Work to be completed
Lines from the entries below that hold "Custom" form the answer; copy all of them.

○ ○ ○ ○ ○ ○ ○

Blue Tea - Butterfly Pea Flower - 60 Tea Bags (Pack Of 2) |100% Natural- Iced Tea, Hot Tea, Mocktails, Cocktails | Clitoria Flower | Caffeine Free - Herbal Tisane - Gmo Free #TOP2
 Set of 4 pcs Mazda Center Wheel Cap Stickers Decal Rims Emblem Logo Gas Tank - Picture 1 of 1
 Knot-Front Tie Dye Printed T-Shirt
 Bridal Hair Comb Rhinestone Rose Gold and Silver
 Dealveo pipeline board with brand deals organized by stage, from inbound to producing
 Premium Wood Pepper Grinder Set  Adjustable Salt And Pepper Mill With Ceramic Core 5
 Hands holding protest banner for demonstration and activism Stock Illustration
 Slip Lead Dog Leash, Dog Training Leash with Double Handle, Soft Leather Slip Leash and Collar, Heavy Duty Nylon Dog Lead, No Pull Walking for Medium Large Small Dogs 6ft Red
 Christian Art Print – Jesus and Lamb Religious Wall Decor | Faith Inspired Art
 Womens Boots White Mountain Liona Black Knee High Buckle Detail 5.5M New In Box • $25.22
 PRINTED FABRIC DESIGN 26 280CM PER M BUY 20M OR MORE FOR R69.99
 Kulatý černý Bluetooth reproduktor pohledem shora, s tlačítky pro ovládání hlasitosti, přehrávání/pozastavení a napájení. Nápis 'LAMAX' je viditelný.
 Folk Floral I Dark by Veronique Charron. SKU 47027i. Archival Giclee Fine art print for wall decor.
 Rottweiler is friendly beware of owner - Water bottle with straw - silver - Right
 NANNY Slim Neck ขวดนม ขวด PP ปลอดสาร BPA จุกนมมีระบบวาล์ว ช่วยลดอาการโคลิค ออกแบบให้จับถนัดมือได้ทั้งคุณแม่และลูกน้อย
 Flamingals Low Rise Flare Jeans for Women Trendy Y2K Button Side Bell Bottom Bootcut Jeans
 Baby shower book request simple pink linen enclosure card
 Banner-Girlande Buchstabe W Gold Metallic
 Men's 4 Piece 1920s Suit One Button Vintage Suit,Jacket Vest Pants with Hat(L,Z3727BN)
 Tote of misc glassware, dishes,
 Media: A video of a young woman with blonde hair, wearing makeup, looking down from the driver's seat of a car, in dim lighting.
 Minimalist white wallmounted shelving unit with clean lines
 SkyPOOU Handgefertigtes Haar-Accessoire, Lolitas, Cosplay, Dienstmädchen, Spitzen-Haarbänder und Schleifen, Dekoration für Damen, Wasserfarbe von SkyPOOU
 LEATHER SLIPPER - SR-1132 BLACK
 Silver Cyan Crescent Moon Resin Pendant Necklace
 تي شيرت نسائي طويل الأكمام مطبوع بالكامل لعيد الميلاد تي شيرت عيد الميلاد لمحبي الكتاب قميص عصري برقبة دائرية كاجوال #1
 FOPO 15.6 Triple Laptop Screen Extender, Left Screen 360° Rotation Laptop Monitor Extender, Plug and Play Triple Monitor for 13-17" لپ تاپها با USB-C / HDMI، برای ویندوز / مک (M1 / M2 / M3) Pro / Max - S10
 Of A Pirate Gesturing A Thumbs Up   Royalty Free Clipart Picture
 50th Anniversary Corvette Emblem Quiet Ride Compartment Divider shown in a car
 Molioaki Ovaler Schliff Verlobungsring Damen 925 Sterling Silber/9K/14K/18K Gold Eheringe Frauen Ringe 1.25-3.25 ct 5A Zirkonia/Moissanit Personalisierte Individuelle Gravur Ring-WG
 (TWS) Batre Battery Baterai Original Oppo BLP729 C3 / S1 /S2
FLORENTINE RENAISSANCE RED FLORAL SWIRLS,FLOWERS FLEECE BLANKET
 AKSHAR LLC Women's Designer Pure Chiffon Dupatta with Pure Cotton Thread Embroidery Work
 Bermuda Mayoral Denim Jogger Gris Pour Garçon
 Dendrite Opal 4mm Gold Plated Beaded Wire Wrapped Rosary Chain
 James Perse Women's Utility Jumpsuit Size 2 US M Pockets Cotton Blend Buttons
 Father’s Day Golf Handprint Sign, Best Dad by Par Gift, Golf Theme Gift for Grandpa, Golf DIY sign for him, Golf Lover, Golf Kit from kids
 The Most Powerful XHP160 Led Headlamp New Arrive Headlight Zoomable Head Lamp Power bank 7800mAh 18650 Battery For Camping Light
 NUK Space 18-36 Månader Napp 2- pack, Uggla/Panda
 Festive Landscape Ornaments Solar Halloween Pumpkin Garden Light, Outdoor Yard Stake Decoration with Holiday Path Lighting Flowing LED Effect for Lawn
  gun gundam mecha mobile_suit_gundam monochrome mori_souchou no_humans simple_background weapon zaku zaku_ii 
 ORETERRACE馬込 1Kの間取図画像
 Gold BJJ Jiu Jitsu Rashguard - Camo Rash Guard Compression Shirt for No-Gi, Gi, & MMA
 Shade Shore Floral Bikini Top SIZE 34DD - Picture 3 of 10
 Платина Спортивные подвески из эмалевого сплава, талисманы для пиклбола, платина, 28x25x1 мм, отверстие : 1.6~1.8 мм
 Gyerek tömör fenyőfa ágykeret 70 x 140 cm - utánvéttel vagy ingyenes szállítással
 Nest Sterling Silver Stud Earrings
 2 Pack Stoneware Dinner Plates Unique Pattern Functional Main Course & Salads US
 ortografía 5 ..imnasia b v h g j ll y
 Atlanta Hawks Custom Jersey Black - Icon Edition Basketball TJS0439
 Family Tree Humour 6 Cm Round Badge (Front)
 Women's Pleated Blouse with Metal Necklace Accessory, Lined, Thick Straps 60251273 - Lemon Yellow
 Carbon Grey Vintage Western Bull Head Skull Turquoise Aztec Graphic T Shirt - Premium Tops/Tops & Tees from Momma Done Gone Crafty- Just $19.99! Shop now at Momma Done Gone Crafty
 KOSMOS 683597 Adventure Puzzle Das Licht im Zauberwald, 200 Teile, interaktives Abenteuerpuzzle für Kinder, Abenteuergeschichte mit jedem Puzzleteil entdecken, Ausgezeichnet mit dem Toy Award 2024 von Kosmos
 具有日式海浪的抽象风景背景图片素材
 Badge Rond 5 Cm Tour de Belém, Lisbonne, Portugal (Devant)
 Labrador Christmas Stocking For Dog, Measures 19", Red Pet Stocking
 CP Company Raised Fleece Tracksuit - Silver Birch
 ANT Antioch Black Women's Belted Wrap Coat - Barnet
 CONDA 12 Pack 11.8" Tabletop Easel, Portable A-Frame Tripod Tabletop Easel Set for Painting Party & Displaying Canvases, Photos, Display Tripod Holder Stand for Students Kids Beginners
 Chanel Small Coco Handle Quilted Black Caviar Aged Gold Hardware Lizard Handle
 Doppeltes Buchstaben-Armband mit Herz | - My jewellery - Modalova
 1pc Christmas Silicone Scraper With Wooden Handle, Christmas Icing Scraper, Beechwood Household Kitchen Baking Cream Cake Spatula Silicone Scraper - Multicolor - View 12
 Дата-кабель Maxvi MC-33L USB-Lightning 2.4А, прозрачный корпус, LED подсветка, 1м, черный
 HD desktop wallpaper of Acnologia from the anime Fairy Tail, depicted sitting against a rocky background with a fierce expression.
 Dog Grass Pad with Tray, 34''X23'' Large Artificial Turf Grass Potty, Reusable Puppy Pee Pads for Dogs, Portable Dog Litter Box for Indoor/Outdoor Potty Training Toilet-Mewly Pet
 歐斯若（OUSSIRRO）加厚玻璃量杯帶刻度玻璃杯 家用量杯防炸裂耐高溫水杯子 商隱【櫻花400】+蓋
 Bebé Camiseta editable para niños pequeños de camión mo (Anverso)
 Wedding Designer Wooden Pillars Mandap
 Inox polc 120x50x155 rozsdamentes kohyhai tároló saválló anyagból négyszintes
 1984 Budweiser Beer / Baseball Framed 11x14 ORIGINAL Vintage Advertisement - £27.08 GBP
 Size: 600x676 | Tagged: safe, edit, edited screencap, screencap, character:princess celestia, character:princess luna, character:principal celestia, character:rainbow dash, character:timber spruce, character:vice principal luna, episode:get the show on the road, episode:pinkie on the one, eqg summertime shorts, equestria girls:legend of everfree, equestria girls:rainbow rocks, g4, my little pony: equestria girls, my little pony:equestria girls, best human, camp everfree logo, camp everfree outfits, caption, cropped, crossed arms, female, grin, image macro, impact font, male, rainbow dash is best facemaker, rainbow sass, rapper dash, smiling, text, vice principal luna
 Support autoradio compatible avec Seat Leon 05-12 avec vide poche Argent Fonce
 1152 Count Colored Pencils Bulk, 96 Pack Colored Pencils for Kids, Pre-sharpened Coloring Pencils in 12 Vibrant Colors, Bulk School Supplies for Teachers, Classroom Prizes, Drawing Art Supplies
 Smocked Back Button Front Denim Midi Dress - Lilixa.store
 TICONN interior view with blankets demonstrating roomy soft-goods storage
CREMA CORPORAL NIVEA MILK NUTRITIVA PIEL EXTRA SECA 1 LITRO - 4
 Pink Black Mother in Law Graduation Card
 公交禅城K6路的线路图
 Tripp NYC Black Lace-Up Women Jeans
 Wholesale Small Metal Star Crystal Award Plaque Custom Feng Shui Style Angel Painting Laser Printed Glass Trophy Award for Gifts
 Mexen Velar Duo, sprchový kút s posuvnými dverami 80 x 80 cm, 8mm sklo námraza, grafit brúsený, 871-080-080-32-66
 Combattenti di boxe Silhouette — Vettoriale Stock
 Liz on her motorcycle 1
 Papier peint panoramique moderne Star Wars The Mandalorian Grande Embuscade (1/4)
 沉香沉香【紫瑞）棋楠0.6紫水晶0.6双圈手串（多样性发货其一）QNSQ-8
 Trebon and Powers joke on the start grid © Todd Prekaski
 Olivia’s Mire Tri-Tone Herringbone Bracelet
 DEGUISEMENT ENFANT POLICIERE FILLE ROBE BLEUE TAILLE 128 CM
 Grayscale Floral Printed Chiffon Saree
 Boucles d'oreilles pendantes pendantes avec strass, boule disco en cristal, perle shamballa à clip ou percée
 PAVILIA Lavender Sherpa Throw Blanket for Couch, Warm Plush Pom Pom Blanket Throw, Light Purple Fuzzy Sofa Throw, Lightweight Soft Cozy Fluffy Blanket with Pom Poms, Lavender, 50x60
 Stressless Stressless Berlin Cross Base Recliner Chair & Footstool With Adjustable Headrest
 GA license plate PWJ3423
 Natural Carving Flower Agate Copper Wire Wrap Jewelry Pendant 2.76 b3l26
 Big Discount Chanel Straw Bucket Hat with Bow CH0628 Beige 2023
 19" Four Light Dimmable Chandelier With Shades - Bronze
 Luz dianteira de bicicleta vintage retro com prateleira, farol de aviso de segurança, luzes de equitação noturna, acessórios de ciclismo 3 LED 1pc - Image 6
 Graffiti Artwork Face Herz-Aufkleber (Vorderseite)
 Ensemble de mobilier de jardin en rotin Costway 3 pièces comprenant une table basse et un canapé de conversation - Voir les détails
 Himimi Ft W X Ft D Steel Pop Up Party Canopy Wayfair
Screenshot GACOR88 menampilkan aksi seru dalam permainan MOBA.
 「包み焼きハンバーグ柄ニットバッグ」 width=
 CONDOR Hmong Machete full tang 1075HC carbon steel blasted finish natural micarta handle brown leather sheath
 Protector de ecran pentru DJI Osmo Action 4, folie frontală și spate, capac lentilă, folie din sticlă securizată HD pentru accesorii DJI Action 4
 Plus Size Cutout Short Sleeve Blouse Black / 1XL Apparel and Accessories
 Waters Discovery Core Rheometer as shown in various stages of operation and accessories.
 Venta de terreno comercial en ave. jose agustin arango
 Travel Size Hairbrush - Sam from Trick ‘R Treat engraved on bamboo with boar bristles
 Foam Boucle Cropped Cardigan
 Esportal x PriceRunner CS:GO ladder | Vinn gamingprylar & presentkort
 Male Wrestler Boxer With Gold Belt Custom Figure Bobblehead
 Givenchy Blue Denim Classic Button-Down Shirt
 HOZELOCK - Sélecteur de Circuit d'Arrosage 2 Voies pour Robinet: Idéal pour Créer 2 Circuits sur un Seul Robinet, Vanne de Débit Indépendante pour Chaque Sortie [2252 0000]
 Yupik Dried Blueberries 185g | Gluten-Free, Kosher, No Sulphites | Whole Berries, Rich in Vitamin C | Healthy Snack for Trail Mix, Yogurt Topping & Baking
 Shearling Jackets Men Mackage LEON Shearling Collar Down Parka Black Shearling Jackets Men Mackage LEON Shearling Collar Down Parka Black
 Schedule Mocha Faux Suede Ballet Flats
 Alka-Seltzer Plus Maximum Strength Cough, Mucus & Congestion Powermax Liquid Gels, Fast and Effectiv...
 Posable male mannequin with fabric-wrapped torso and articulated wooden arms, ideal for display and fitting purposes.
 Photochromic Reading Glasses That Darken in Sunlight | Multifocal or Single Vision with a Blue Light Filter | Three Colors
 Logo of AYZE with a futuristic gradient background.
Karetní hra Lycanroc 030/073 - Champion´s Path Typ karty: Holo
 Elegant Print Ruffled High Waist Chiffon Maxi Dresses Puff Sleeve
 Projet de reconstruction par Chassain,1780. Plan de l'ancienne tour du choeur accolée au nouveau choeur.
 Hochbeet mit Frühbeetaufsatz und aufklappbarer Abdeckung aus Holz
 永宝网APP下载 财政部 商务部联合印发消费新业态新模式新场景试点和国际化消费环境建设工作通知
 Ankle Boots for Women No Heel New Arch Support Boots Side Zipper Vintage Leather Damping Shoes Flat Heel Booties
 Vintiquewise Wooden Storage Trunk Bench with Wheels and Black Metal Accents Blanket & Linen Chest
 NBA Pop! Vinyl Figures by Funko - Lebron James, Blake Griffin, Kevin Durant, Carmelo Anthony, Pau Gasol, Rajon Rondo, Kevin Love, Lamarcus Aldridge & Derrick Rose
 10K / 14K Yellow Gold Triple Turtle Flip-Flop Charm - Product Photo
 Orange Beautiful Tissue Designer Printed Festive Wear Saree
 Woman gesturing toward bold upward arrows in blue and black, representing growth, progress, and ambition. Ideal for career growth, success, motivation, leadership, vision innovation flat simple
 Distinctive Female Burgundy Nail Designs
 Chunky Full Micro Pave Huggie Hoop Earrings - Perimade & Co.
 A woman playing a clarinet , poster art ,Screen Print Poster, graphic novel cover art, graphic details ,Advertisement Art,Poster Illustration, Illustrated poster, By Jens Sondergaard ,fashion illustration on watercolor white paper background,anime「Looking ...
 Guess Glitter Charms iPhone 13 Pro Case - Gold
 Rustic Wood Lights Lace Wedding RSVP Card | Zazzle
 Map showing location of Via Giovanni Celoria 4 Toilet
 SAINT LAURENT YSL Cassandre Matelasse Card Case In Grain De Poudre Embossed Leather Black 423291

○ ○ ○ ○ ○ ○ ○

Problem solution
 Atlanta Hawks Custom Jersey Black - Icon Edition Basketball TJS0439
 Wholesale Small Metal Star Crystal Award Plaque Custom Feng Shui Style Angel Painting Laser Printed Glass Trophy Award for Gifts
 Male Wrestler Boxer With Gold Belt Custom Figure Bobblehead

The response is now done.